Why new forests are better at sequestering carbon than old ones

From The Pacific Standard:

Forests store vast quantities of carbon and play a huge role in the world’s carbon cycle—as well as in human hopes of mitigating global warming. Tropical rainforests, the revered “lungs of the planet,” were once thought to take the cake when it comes to carbon sequestration. But a new study adds to a growing body of evidence that other types of forest may actually be better at sucking CO2 out of the atmosphere. Specifically it finds that young temperate forests may be more effective carbon sinks than are old rainforests.

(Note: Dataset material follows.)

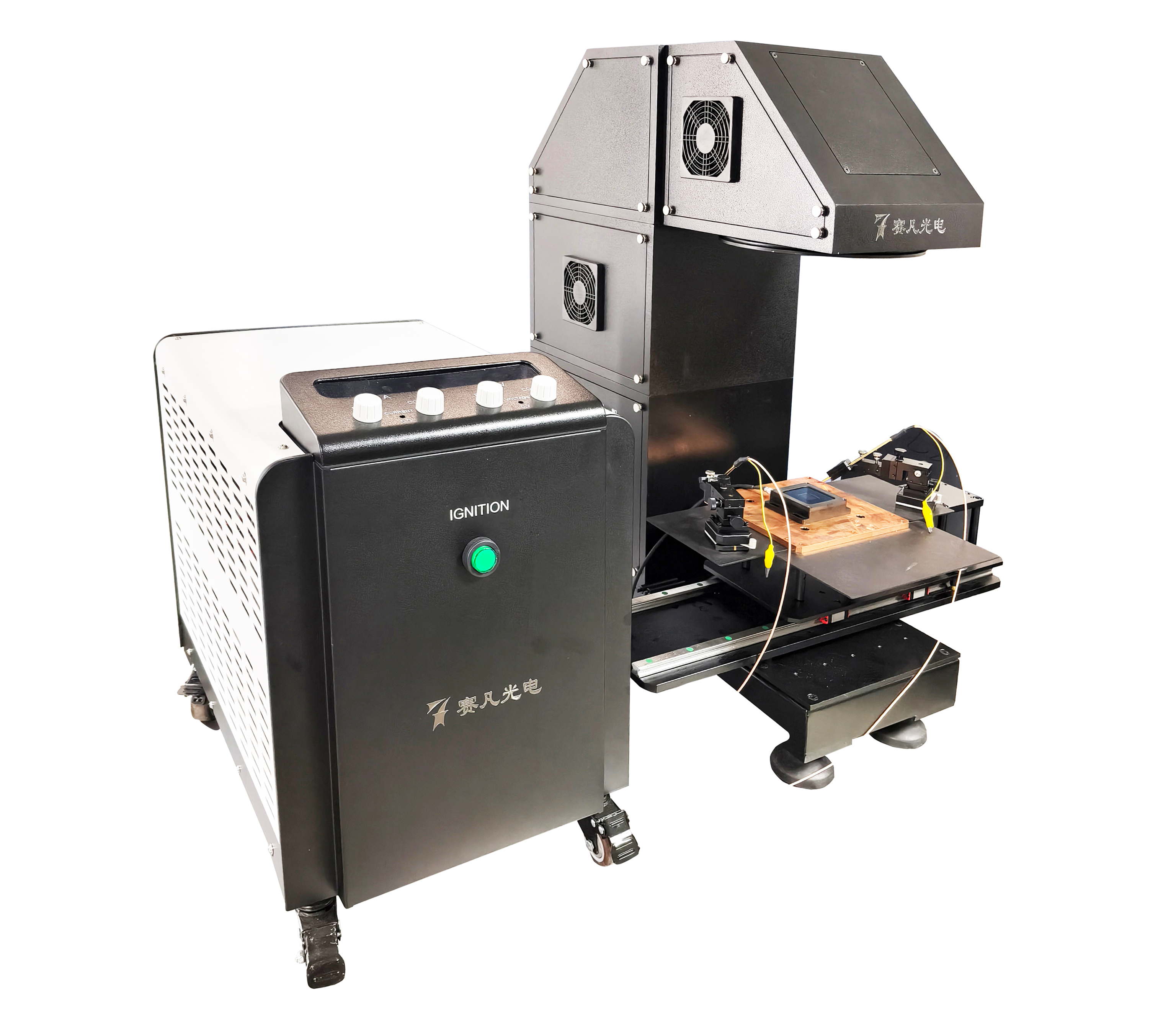 Large-format full-spectrum replication, industrial-grade steady-state calibration | Saifan 7IS01003A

Researchers at the Birmingham Institute of Forest Research (BIFoR) in the United Kingdom modeled carbon storage in old-growth and regrown forests between 1981 and 2010 using recent data on forest ages as well as the latest global land cover change data set produced by the University of Maryland. Their results, published recently in Proceedings of the National Academy of Sciences, reveal that intact, old-growth forests sequestered 950 million to 1.11 billion metric tons of carbon per year while younger forests—those that have been growing less than 140 years—stored between 1.17 and 1.66 billion metric tons per year. …

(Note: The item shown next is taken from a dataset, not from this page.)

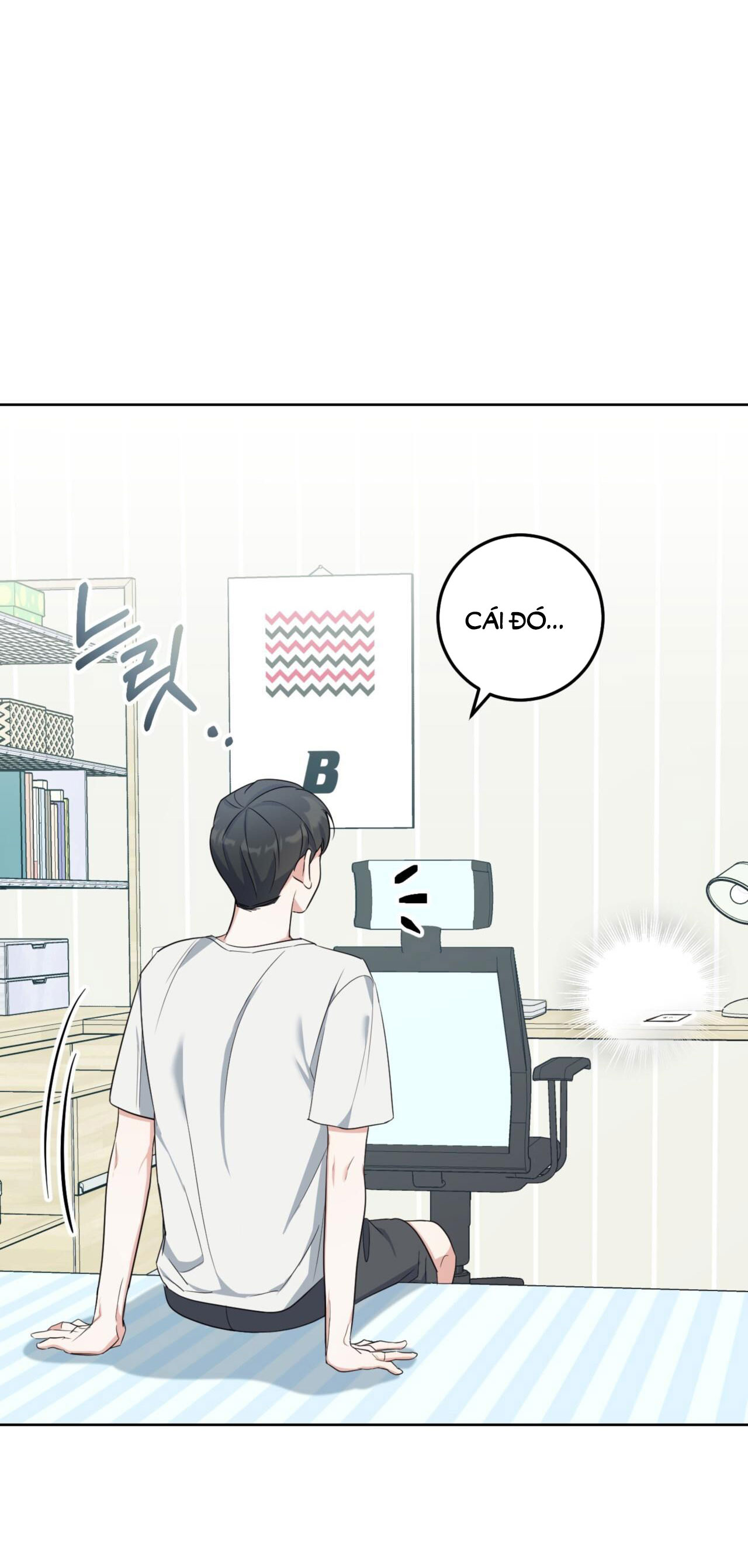 Khu Rừng Dịu Dàng chapter 2.2 - Trang 15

But why are younger forests better at storing carbon? One reason, the researchers write, may be that newly deforested areas are open and sunny and are easily recolonized by fast-growing species. These plants are able to extract carbon from the air and incorporate it into their biomass more quickly than mature trees that must contend with more neighbors and less sunlight. …

In addition to modeling the past, the BIFoR researchers also looked at the future. They estimate that, under a business-as-usual scenario, forest regrowth stands to capture around 50 billion metric tons of carbon. This potential, they write, will be split fairly evenly between the tropics and temperate areas.